◆ RECORDED DATA
· · · · ·

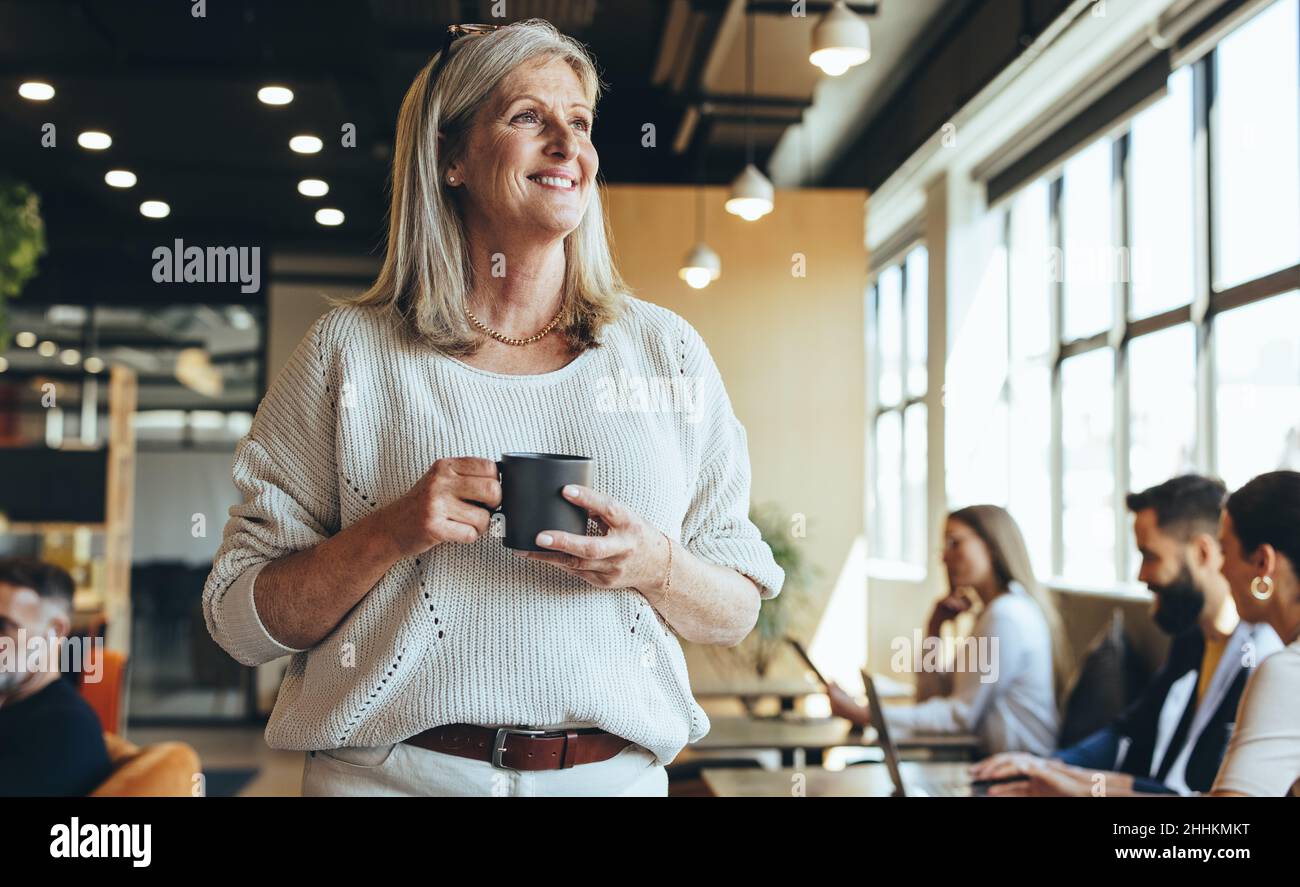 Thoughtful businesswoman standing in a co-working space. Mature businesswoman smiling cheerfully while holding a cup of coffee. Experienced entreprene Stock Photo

· · · · ·

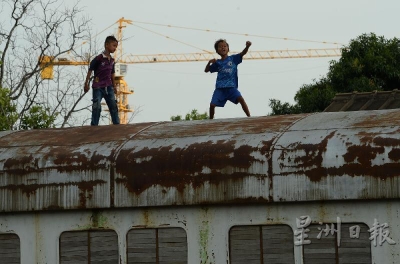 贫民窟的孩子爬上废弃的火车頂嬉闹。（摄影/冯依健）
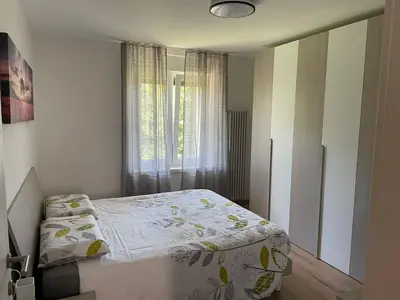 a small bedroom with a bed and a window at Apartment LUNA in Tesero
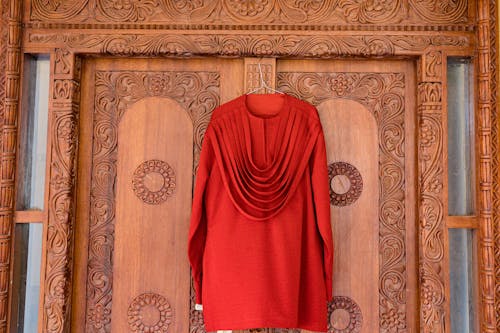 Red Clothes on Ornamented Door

· · · · ·

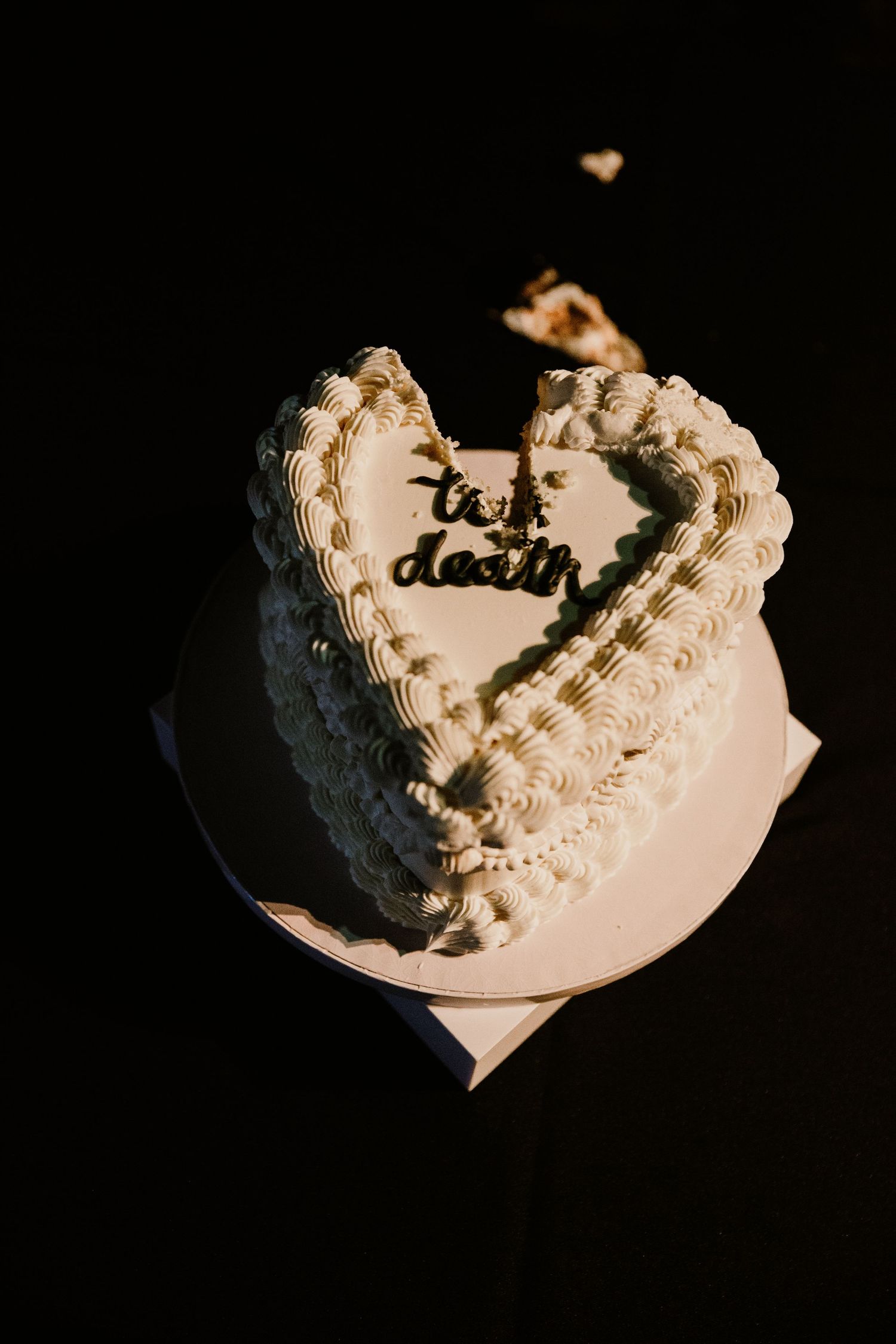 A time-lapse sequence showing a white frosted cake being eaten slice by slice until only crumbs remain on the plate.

· · · · ·

Transcribe exactly the lines above, beginning at the one with "a small bedroom" and going up to and including the one with "Red Clothes on Ornamented Door". Pictures do not belong in the copy.

◆ OUTPUT BELOW
 a small bedroom with a bed and a window at Apartment LUNA in Tesero
 Red Clothes on Ornamented Door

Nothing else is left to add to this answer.